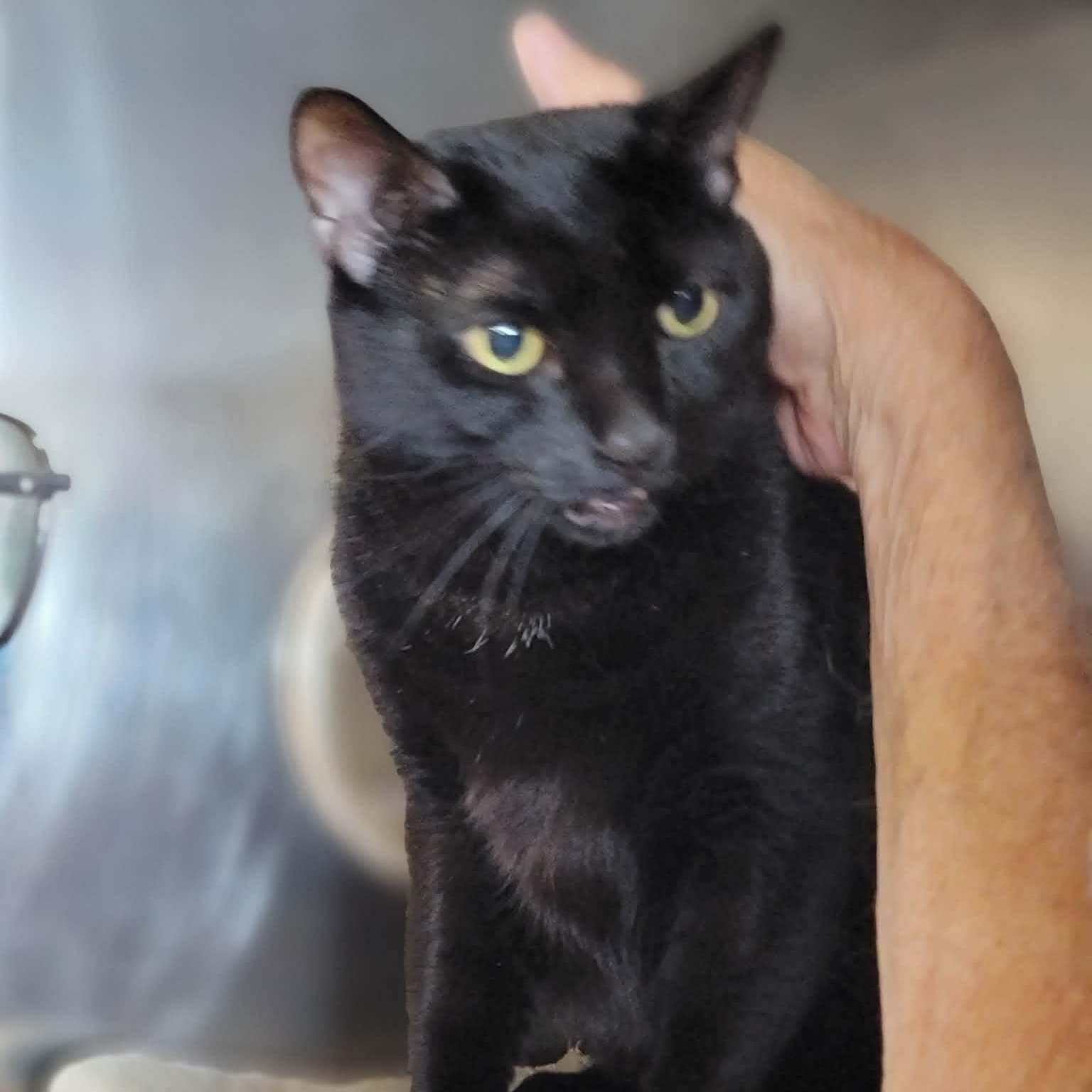 Enlarge Charlie - 8 yo senior, a Adoptable Domestic Short Hair in Myrtle Beach, SC image 2/3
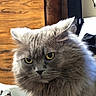 cat, gray_cat, fluffy, yellow_eyes, pet, indoor, furniture, wooden_cabinet, portrait, animal, fur, domestic_cat, closeup, cute, whiskers, face, looking, home, cozy, soft_light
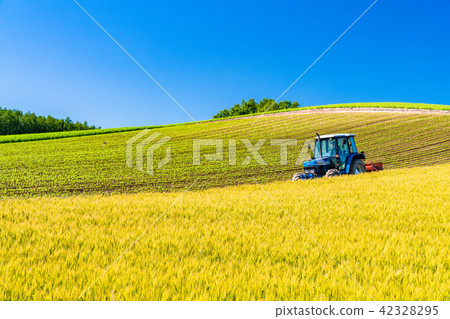 “北海道”美瑛·鄉村景觀和農用車 “北海道”美瑛·鄉村景觀和農用車 42328295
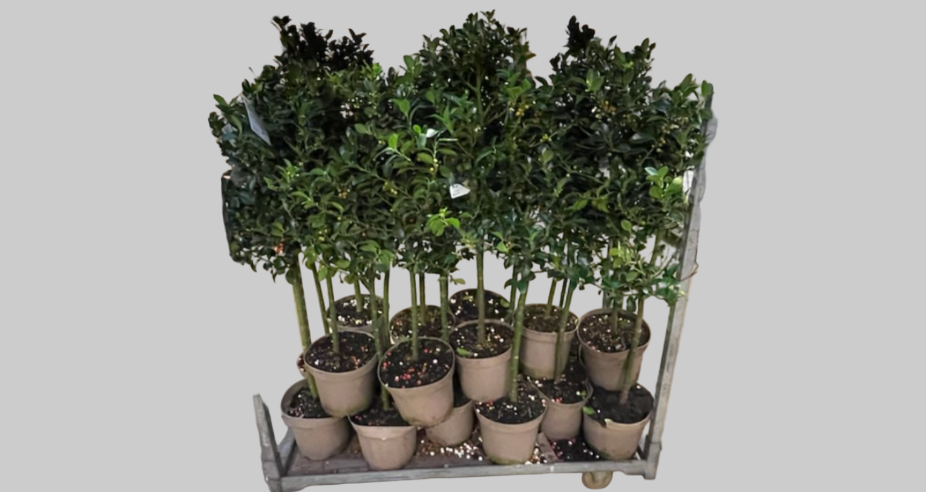 Opstammet ilex træ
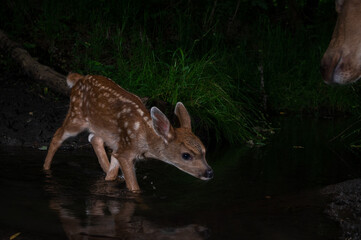 Black-tailed Deer (Odocoileus hemionus) fawn and doe crossing a creek. Western Oregon.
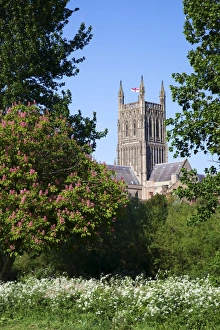 United Kingdom Cathedrals Drucke: Worcester Cathedral in spring sunshine, Worcester, Worcestershire, England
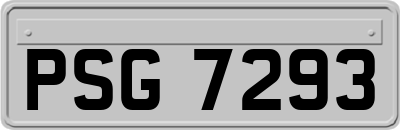 PSG7293
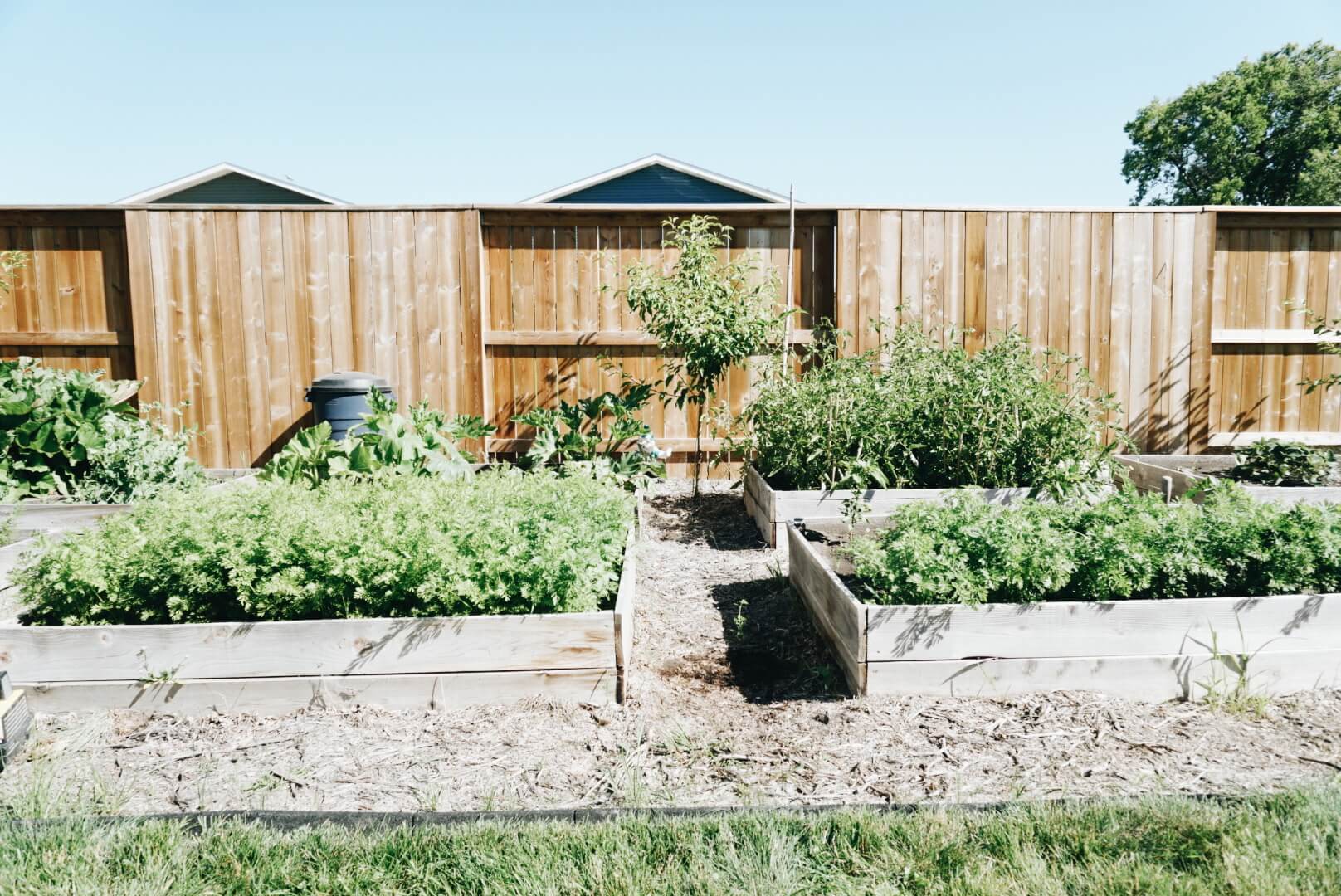 Square foot backyard gardening in a small-ish space.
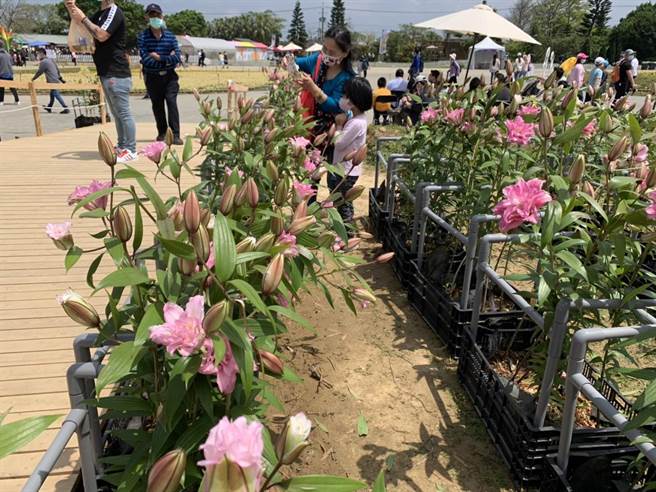 桃园彩色海芋季，首周于清明连假开展，艳阳助阵下，狂吸23万人次到访。(蔡依珍摄)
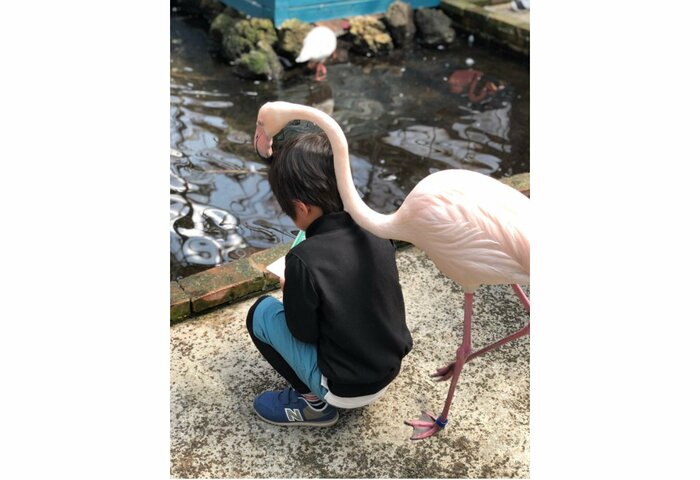 提供:E&Kさん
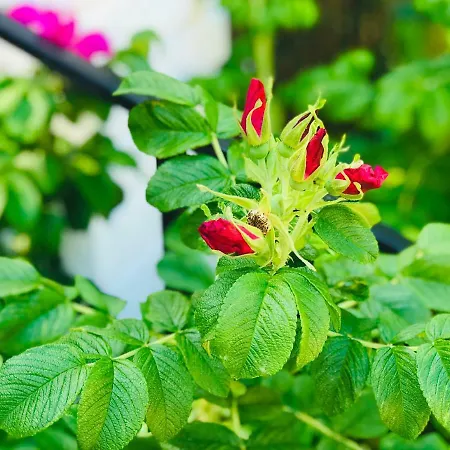 Apartment Nadmorski Sztutowo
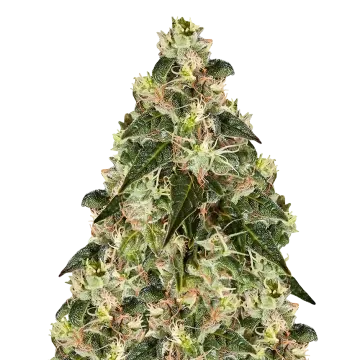 plante de cannabis XJ-13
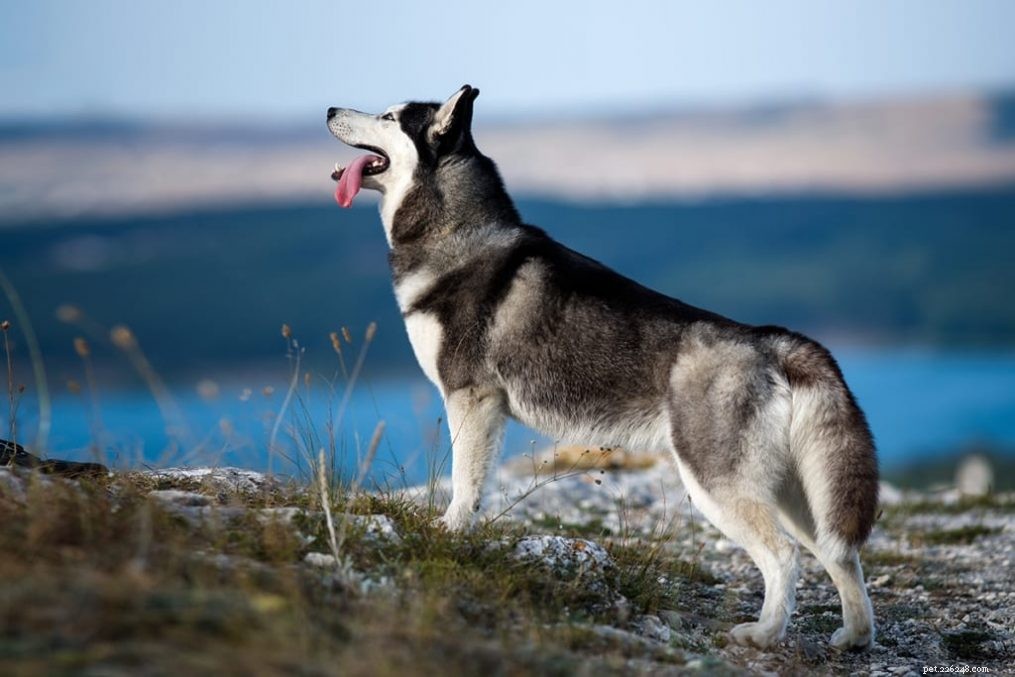 Husky-Malamute Mix: Traits, Care, and Temperament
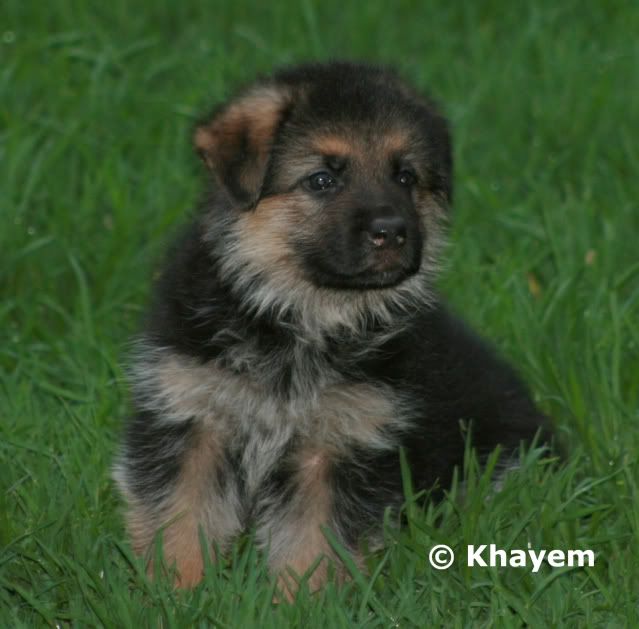 Indie 5 weeks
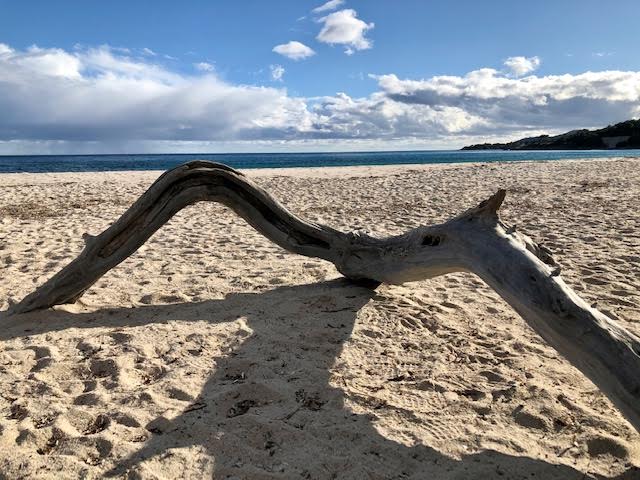 (Photo Denis Viviani)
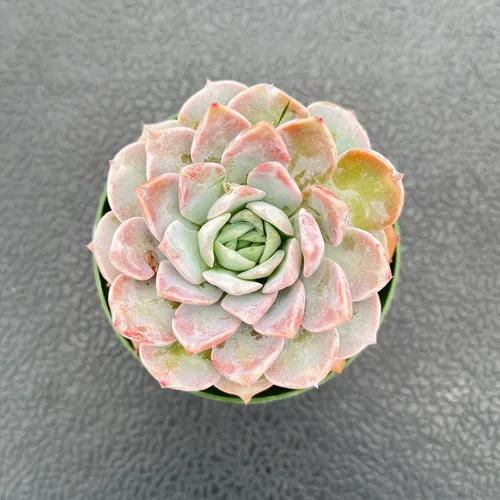 Vista 12 de Plantas suculentas vivas (Cotyledon Orbiculata cv. Long Leaf Variegated), suculentas en maceta de fácil cuidado, aproximadamente 4" de diámetro x 4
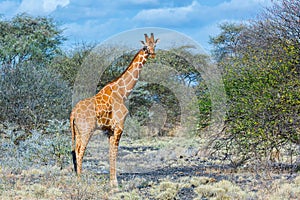 Reticulated or Somali Giraffe, Meru NP, Kenya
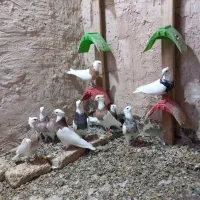 کبوترطوقی کرمانشاهی و همدانی نقش پرخال|پرنده|نجف‌آباد, منتظری شمالی|دیوار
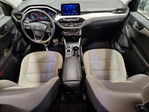 Ford Escape 2022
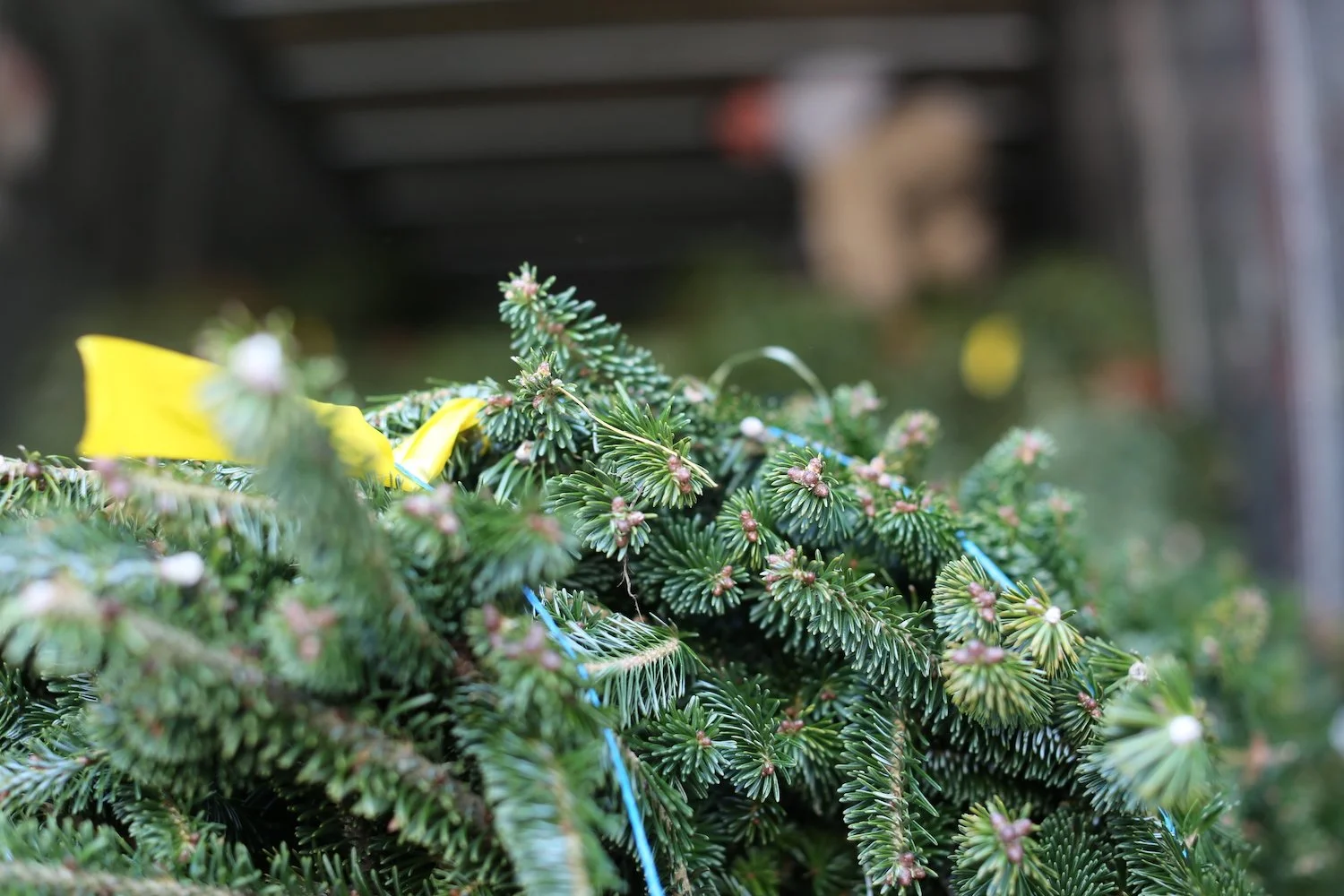 Wholesale Christmas Trees — Cedar Grove Christmas Trees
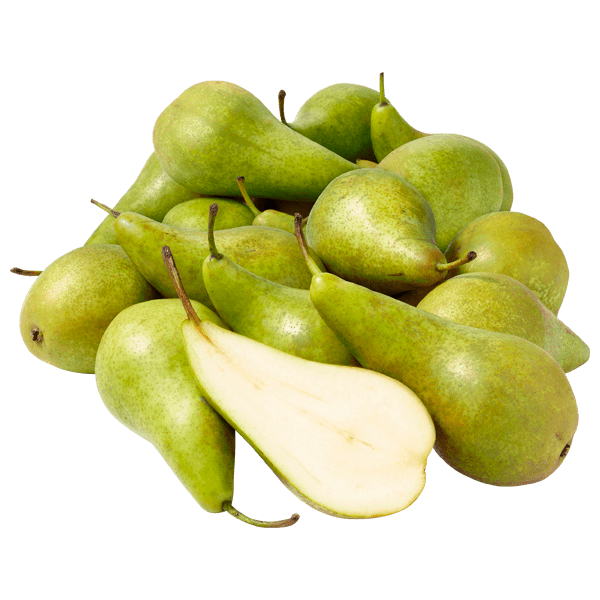 PLUS Conference Peren los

Exercise instructions: Both ends included, copy the lines from the one holding "Vista 12 de" to the last line of the entries exactly, with all pictures left out.

Answer box:
 Vista 12 de Plantas suculentas vivas (Cotyledon Orbiculata cv. Long Leaf Variegated), suculentas en maceta de fácil cuidado, aproximadamente 4" de diámetro x 4
 Reticulated or Somali Giraffe, Meru NP, Kenya
 کبوترطوقی کرمانشاهی و همدانی نقش پرخال|پرنده|نجف‌آباد, منتظری شمالی|دیوار
 Ford Escape 2022
 Wholesale Christmas Trees — Cedar Grove Christmas Trees
 PLUS Conference Peren los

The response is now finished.